Version 1.2 of acs/ac-00291.txt

Unformatted version of acs/ac-00291.txt version 1.2
Other versions for file acs/ac-00291.txt

!standard B.3.1(16)          17-09-05 AC95-00291/00
!class Amendment 17-09-05
!status received no action 17-09-05
!status received 17-07-10
!subject Proposal for new function in Interfaces.C.Strings
!summary
!appendix

!topic Proposal for new function in Interfaces.C.Strings
!reference Ada 2012 RMB.3.1
!from Victor Porton 17-07-11
!keywords C interface
!discussion

I propose to add the following new function to Interfaces.C.Strings:

function Value_With_Possible_NULs(
  Item : in chars_ptr; Length : in size_t) return String;

This function should return the Ada string corresponding to the
sequence of C chars starting at Item and of length Length.

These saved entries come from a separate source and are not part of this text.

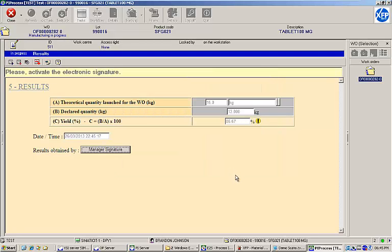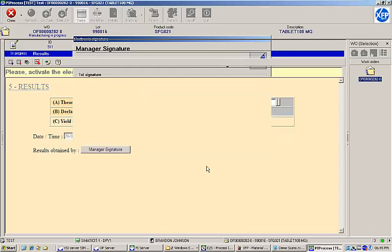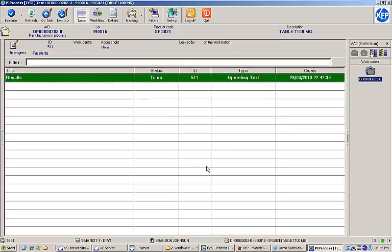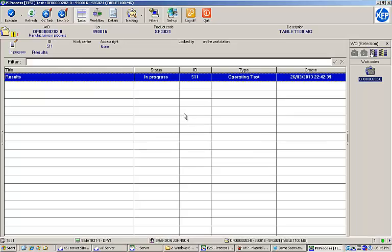The final step in the execution is a manager's signature. With that, the execution of this EBR is complete. In the next video segment, I will demonstrate the tools available to review the EBR, release the batch, and analyze the recorded data.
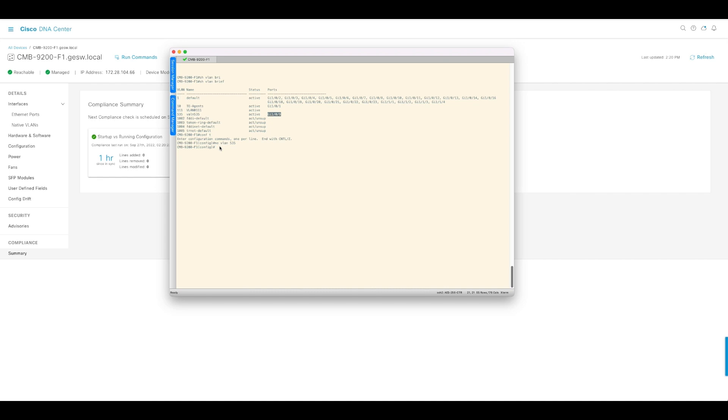I'm going to delete this, which should trigger the violation because that is a violation to the template that we applied.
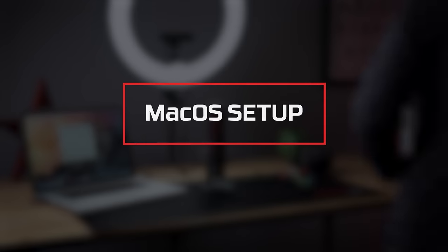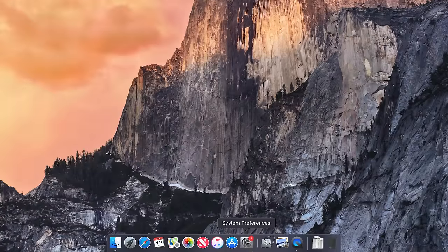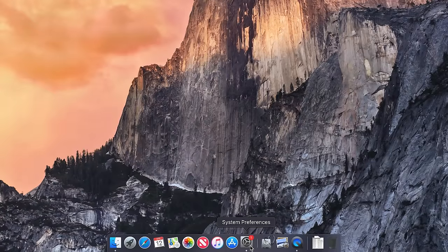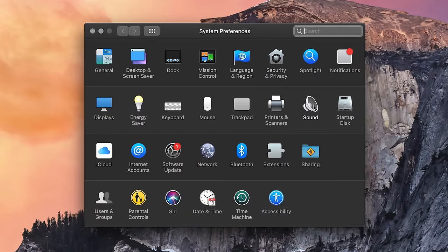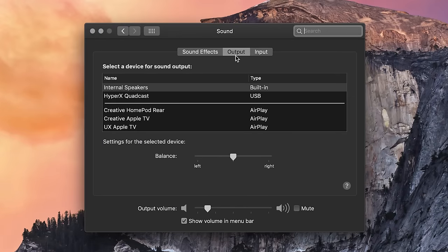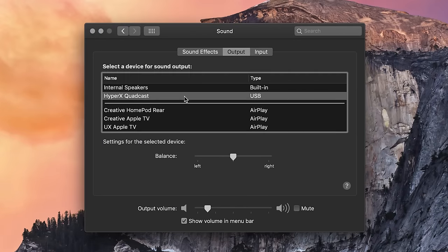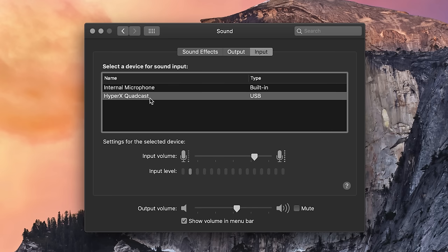MacOS Setup. Start by opening System Preferences and selecting Sound. On the Output tab, select HyperX QuadCast. On the Input tab, select HyperX QuadCast.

Note that (as it is clear from the function name) this string may
contain NUL characters.

Also: If Item = Null_Ptr, then Value_With_Possible_NULs propagates
Dereference_Error.

It is possible to implement this function using Interfaces.C.Pointers
package, but it is not feasible to implement it anew in every program
or library which needs it. So I propose to add this function to
Interfaces.C.Strings for everybody to have easy access to this
function.

Function name is debatable.

***************************************************************

From: Randy Brukardt
Sent: Monday, July 10, 2017  8:15 PM

> I propose to add the following new function to Interfaces.C.Strings:
> 
> function Value_With_Possible_NULs(
>   Item : in chars_ptr; Length : in size_t) return String;

As with all enhancement requests for Ada, you need a problem statement. As
described in the forthcoming announcement:

"For enhancement requests, it is very important to describe the programming
problem and why the Ada 2012 solution is complex, expensive, or impossible.
A detailed description of a specific enhancement is welcome but not
necessarily required. The goal of the ARG is to solve as many programming
problems as possible with new/enhanced Ada features that fit into the existing
Ada framework. Thus the ARG will be looking at the language as a whole, which
may suggest alternative solutions to the problem."

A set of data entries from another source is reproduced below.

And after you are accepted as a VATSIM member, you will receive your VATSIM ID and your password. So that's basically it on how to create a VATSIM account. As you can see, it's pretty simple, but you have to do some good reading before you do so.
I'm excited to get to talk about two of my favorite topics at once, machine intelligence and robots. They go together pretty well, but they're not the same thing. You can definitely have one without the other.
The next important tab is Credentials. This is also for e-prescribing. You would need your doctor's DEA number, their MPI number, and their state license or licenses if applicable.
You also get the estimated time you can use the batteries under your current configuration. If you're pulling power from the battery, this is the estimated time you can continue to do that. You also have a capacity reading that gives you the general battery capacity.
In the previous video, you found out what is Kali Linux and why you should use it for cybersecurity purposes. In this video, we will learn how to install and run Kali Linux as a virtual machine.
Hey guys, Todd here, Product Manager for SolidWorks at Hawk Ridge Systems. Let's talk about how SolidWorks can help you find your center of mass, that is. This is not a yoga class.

It's also important to note that the priority that is given to enhancements
comes from a judgment of the importance of the problem; if we have to guess
what the problem is, we might very well get that wrong.

***************************************************************

From: Victor Porton
Sent: Tuesday, July 11, 2017  7:49 AM

This function is necessary for converting C strings which may contain NUL (and
whose length is determined by a size_t parameter). Such strings may appear for
example when reading a disk file or receiving information from network. It is
a common place for such strings with NULs to exist.

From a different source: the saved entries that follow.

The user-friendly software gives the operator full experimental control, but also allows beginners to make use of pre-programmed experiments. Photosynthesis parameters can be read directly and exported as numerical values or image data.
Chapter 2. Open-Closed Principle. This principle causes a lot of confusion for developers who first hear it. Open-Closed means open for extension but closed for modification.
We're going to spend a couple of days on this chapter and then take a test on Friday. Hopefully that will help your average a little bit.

Implementing this function (using Interfaces.C.Pointers) requires repeated work
in every program and library which needs it. Also it is a nontrivial problem to
guess that it can be implemented with Interfaces.C.Pointers.

Also implementing this knowing compiler internals may probably make it faster
than implementation using only current Ada standard.

***************************************************************

From: Tucker Taft
Sent: Tuesday, July 11, 2017  1:40 PM

Have you checked whether Interfaces.C.To_Ada(..., Trim_Null => False) can
accomplish what you need?

***************************************************************

From: Randy Brukardt
Sent: Tuesday, July 11, 2017  4:34 PM

To expand on Tuck's response a bit:

The routines in Interfaces.C.Strings are necessary for strings that are NUL
terminated, as such strings require a scan in order to determine the length.
But for a string with an explicit length, no such routine is needed -- you
already know the length and can use a slice to get the correct length.

Thus, the only requirement is to get from a chars_array to a String, and
that's what Ada.Interfaces.To_Ada is for. 

This is how we handled this in Claw; we never used Interfaces.C.Strings at
all. Admittedly, we didn't care much about the form of the low-level bindings
because clients were expected only to use the higher-level interface.

This does mean that one shouldn't use Chars_Ptr with a C string of explicit
length, and perhaps the Standard should be clearer about that (when it talks
about "C-Style" strings, it is talking only about nul-terminated strings).
One would need a very different package if it was intending to support strings
that also included nuls (all of the operations would need counterparts that
don't take nuls into account).

I'd have to see your exact problem in order to demonstrate how I'd handle
this (the Win32 APIs all require a buffer passed in, which is then sliced to
get the appropriate result; your C routines may operate differently).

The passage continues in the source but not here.